Yellow Bird



A friend asked me to re-tell her my story about the yellow signs because she wanted to touch upon that during a sermon she was giving this weekend.  I’ve told the “you are not alone”  story many times and wrote about it in fictional terms in my first novel In The Lila.  
 
No small wonder then, today as I sat with my streetwise sage by the pond he built for me in our new home … We saw a yellow bird come to visit the sanctuary.  There are couple things you should know to fully grasp the wonder (statistical significance) of the moment.
 
I’ve had a backyard water garden or pond of some sort or another for more than 15 years. 
And I’ve been an avid back yard birder for longer and I know my fair feathered friends fairly well.
 
It was a small bird … I would have said definitively a gold Finch but in truth it seemed slightly bigger.  Though perhaps not as big as an oriel.  Regardless … Gold finches have never been pond curious.  And in the year we’ve been here we haven’t seen a one.
 
There was also a little black headed Phoebe checking out the ripples on the spillway, from her perch atop a copper light fixture.  And a bright orange dragonfly who was persistent in her attempts to shoo the birds away.
 
But this yellow bird kept trying to put his feet in the water.  He would fly from the magnolia tree to the Olive tree to the new jujube tree still in it’s pot.  It dared to dip down onto the wheelbarrow then onto the rocks that bordered the cascading spillway.
 
On one fly by the little bird did touch it’s beak into the water as if to scoop up a mosquito fish before darting away into the branches of an evergreen near by.
 
Gold finches don’t eat fish and neither do orioles.  Could be it was just getting a taste of the water.  Though another thought came to mine.   

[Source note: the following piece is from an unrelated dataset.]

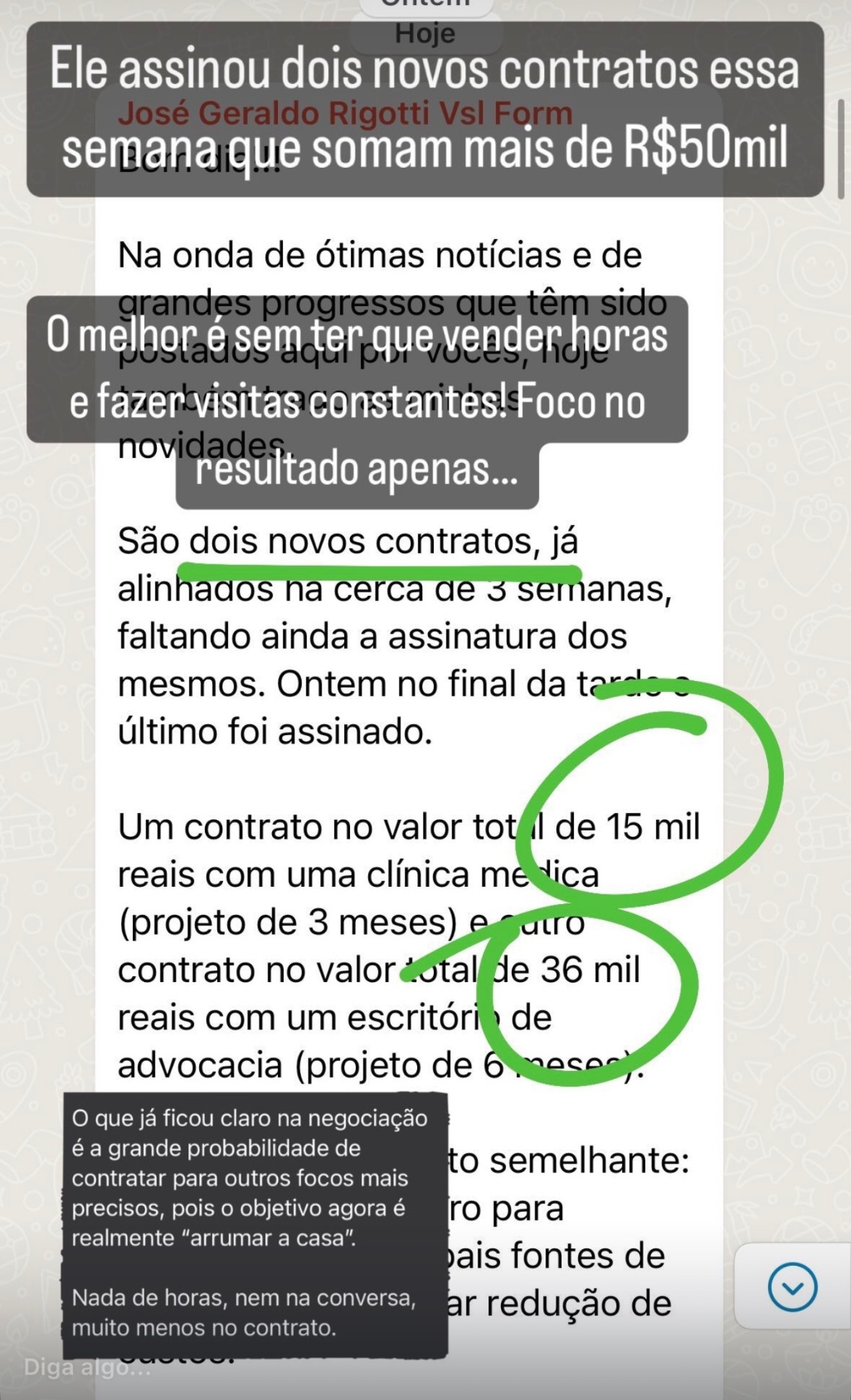 Dois novos contratos em uma semana somando mais de R$50 mil — sem venda de horas.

I turned to my husband and said … “Maybe it’s a parakeet.”
“Could be”, he answered in the slow southern drawl.

 
Truth is … That yellow bird, the first we have ever seen at our pond, not quite looking like any previous visitor to our home, behaving differently than most birds do … statistically significantly so 🙂 

Sure, it could have been a parakeet …
but it was most certainly a Paraclete.